II. LITERATURE SURVEY
Yu Honhshai, Shao Guoqiang.  “Artificial Intelligence Control for Reactive Power of Electric Drive System of Pump”.
Sun qiuye, Yang lingxiao, zhang huaguang.  “Intelligent energy application and prospect of artificial intelligence technology in power system”.
Zhou feng. ” Big Data and AI Enabling Professional Service, SW AAP system architecture and application introduction”.
Li Bohu, Chai Xudong, Zhang Lin.  ”Preliminary research on modeling and simulation technology for new artificial intelligence systems”. Yang Baohai, Wen Xiuhai, Sui Liming. [5 ] ”Torsional vibration control method analysis of main drive system of cold continuous rolling mill”. Wen Boxuan, Wang Weida, Xiang Changle.  “Robust coordinated control of electromechanical compound drive system based on synthesis method”.
Wang Weigang, Ding Tuanjie and Chu Xiaodong.  "Development of intelligent aviation flight control technology ".
Yang Xinmin.  "Application Status and Prospect of Intelligent Control Technology in Thermal Power Plants”

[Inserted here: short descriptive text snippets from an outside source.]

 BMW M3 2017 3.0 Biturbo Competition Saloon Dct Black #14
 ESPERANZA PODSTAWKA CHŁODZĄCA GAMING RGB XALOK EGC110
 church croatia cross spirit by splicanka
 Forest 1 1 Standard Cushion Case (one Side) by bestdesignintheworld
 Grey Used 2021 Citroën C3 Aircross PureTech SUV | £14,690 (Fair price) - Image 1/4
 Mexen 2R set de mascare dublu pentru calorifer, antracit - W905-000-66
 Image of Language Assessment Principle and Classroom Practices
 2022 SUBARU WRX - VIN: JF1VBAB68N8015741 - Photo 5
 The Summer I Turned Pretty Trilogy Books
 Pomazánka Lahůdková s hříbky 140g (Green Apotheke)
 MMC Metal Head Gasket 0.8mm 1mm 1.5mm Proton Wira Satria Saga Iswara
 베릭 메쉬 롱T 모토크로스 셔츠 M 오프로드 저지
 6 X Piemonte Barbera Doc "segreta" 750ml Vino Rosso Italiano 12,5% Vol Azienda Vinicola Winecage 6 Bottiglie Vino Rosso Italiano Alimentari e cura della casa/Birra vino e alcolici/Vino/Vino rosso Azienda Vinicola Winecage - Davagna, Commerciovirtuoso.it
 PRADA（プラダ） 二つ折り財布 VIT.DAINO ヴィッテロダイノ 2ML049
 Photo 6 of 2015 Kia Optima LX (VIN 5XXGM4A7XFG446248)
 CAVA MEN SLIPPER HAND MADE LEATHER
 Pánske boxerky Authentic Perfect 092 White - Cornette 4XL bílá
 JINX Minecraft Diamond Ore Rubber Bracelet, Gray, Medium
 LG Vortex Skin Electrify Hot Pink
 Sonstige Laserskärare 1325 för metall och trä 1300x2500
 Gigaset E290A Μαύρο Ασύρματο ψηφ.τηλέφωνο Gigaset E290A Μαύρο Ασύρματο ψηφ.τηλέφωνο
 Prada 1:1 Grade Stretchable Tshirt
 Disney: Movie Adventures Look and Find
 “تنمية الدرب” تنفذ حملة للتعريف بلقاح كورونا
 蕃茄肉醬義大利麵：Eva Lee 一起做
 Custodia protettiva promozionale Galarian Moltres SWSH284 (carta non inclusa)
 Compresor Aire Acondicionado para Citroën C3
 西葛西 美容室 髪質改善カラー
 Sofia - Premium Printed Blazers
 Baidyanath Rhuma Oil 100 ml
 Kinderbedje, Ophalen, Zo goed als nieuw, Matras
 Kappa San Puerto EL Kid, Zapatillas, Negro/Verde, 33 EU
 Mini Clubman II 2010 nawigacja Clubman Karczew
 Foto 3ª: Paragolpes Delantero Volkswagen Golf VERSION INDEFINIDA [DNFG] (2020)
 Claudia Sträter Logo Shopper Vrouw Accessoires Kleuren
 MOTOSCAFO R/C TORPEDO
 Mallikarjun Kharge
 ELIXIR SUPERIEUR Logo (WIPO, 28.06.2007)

Dahhaghchi, I.,Christie, R.D.  ”AI application areas in power systems”.
III. EXISTING SYSTEM
To ensure the non-linear characteristics of the synthetic intelligence control method for reactive power of the pump station electrical drive system, the fuzzy PID algorithm was selected, and therefore the transmission signal was processed through a two-dimensional fuzzy algorithm structure. Fuzzy PID algorithm may be a excellent nonlinear intelligent control algorithm. The fuzzy PID controller can keep it up the real-time on-line correction and therefore the automatic adjustment to the proportion, the integral and therefore the differential three parameters, it's the fuzzy control fast adjustment, the adaptability strong advantage, also has the normal characteristic which the PID control precision is high. Therefore, the fuzzy PID controller can adjust the PID parameters of the electrical drive system of the pump station online, in order that the electrode regulating system can adjust the present rapidly and stably, reduce the electrode oscillation and improve the robustness. It shows that the fuzzy PID controller performs fuzzy inference by virtue of the if then model of expert knowledge and optimizes the output value in real time and online, to regulate the parameters and acquire the optimal reactive power AI control of the pump station electrical drives system. at the present , although there are many sorts of fuzzy controllers, their working principles are basically an equivalent . Mainly by means of fuzzy mathematical principles and methods and fuzzy rules expressed by fuzzy sets of conditions and operations, and its storage within the knowledge domain , finally full use of computer fuzzy reasoning, self-tuning PID parameters. to spotlight the convenience and response rapidity of fuzzy output, two-dimensional fuzzy control structure is that the most generally utilized in production and life.
IV. PROPOSED SYSTEM
The fuzzy PID algorithm was chosen because the AI control method for reactive power of the pump station electrical adrive system, and therefore the transmission signal was processed through a two-dimensional fuzzy algorithm structure. The fuzzy PID controller can change the PID settings of the pump station's electrical drive system. The fuzzy PID controller adjusts the parameters and obtains the optimal reactive power AI control of the pump station electrical drives system in real time and online, using the model of expert knowledge to perform fuzzy inference and optimise the output value. Online adjustments are made to the PID controller supported specific control requirements or objective functions. If there's a drag with the pump, it'll be discovered and reported. The user then recognises the matter and fixes it properly. These records are kept on the server for future use. within the subject of AI control, there are numerous algorithms.Through fuzzy PID and neural network algorithm controllers, a replacement reactive power management approach for the electrical transmission of pump stations is proposed in these projects. The results reveal that the control approach utilized in these projects is superior to the normal control method in terms of reducing the electrical drive system's reactive power, increasing its working efficiency, and monitoring faults via IOT.
V. BLOCK DIAGRAM
VI. MODULES DESCRIPTION
The hardware components used in the system is PID controller, Speed sensor, Current sensor, Voltage sensor, ATmega328P, Power supply, Electric motor, LCD.
A. PID Controller
A PID controller could also be a tool that regulates temperature, flow, pressure, speed, and other process variables in industrial control applications. PID (proportional integral derivative) controllers are the foremost precise and stable controllers because they use an impression loop feedback mechanism to manage process variables. PID control employs closed-loop control feedback to require care of a process's real output as close as feasible to the target or setpoint output.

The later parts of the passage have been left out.